We have relationships with many providers and I don't want to be seen as promoting or not promoting a specific provider. Some decent privacy-preserving vendors - Brave, Exa, Parallel Web Systems, DuckDuckGo etc
We will continue to monitor what's good to improve the output quality and results. Sometimes it could be the combination of providers to yield even better results. If I say one combination right now, and realize another combination is better, and make changes, I wouldn't need to broadcast it each time or risk misrepresenting the feature, which is to have amazing search and research capabilities that can augment models for a superior output.
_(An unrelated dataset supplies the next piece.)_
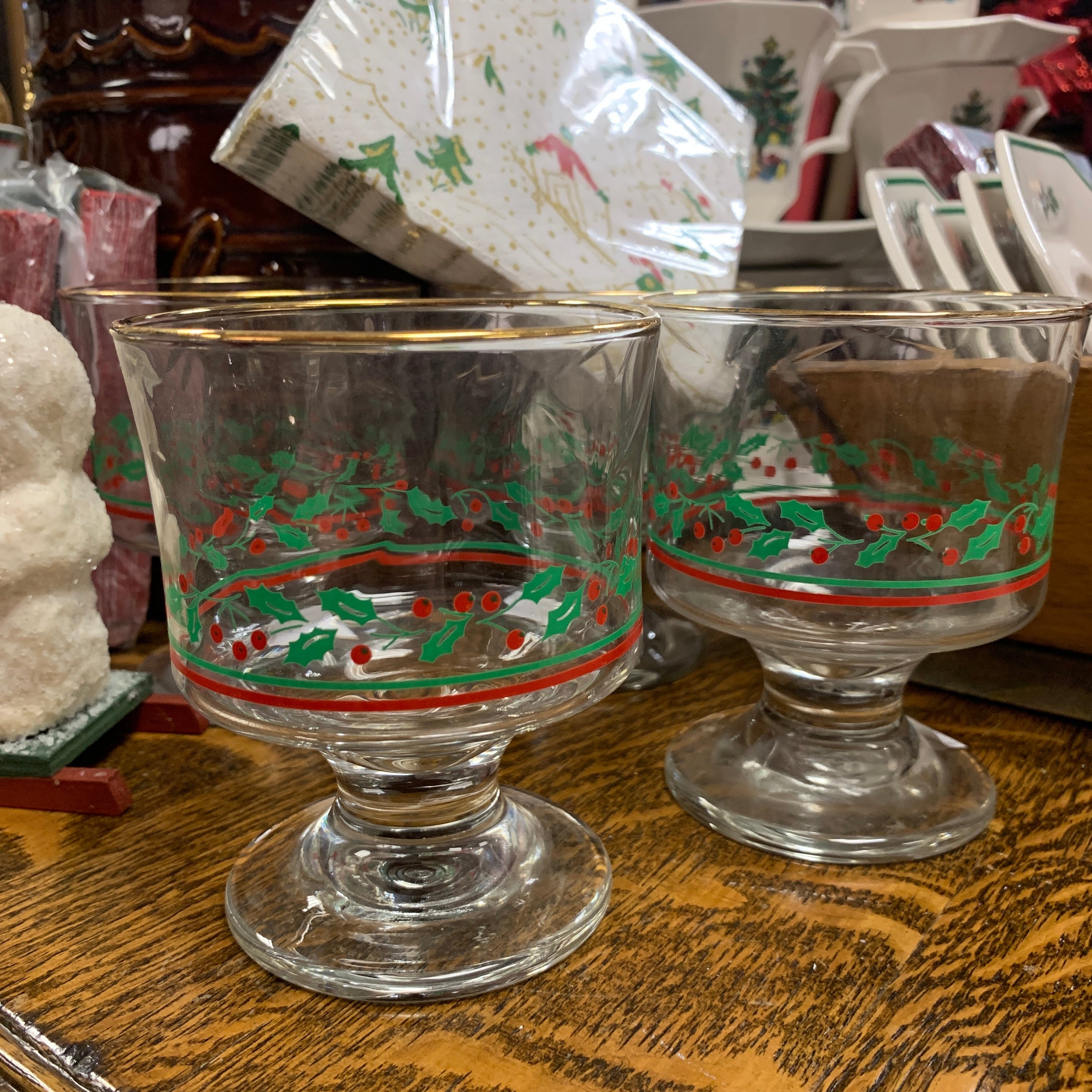 Vintage Libby Dessert Glasses White Arrows Home The Shop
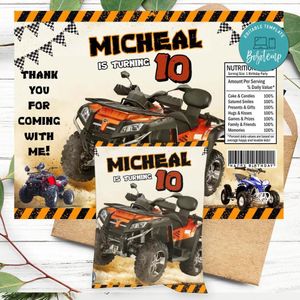 Four wheeler Birthday Party Chip Bag Digital File Printable Instant Download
Exa: https://exa.ai/assets/Exa_Labs_Terms_of_Service.pdf "You may not [...] download, modify, copy, distribute, transmit, display, perform, reproduce, duplicate, publish, license, create derivative works from, or offer for sale any information contained on, or obtained from or through, the Services, except for temporary files that are automatically cached by your web browser for display
purposes"
Many of the things I want to do with a search API are blocked by these rules! So I need to know which rules I am subject to.
IANAL, but if Ollama says "you can do with the results whatever you want", then they would be the ones liable for any breach of TOS.
That's admittedly a pretty foolish behaviour on their part and doesn't instill trust in Ollama as a service provider, but you as the end-user should be in the clear.
It's pretty wild that Brave's terms of service state as much, considering their search API is entirely derived from storing the results of other search systems. https://support.brave.app/hc/en-us/articles/4409406835469-Wh.... Aka Brave is blocking exactly what it does to Bing and Google.
My nightmare scenario is that I build my own crucial database of information partially derived from a search API... and then later get into legal trouble which forces me to delete that data, which is now intermingled with other information I've collected.
Yes - it's important to me that I understand the source of the data I've collected and if that source results in restrictions on what I can do with that data.
Especially when I'm building databases that I want other organizations to be able to use.
Fun fact: many geocoding APIs have restrictions on what you can do with the data you get back from that geocoder - including how long you can store it and whether you are allowed to re-syndicate to other people. That's one of the reasons I like OpenCage: https://opencagedata.com/guides/how-to-compare-and-test-geoc...
This information is very useful to the open source community. Whats the rationale in not "building in the public"? Is Ollama turning its back on the open source community? Also why should we believe ollama web search is better than my locally run searxng server?
Oh yes! that is why I want to provide the names of the providers we use. I do believe in building in the open. The web search functionality has a very generous free tier (it is behind Ollama's free account to prevent abuse) that allows you to give it a try comparing to running a searxng server locally.
On making the search functionality locally -- we made considerations and gave it a try but had trouble around result quality and websites blocking Ollama for making a crawler. Using a hosted API, we can get results for users much faster. I'd want us to revisit this at some point. I believe in having the power of local.
We will continue to monitor what's good to improve the output quality and results. Sometimes it could be the combination of providers to yield even better results. If I say one combination right now, and realize another combination is better, and make changes, I wouldn't need to broadcast it each time or risk misrepresenting the feature, which is to have amazing search and research capabilities that can augment models for a superior output.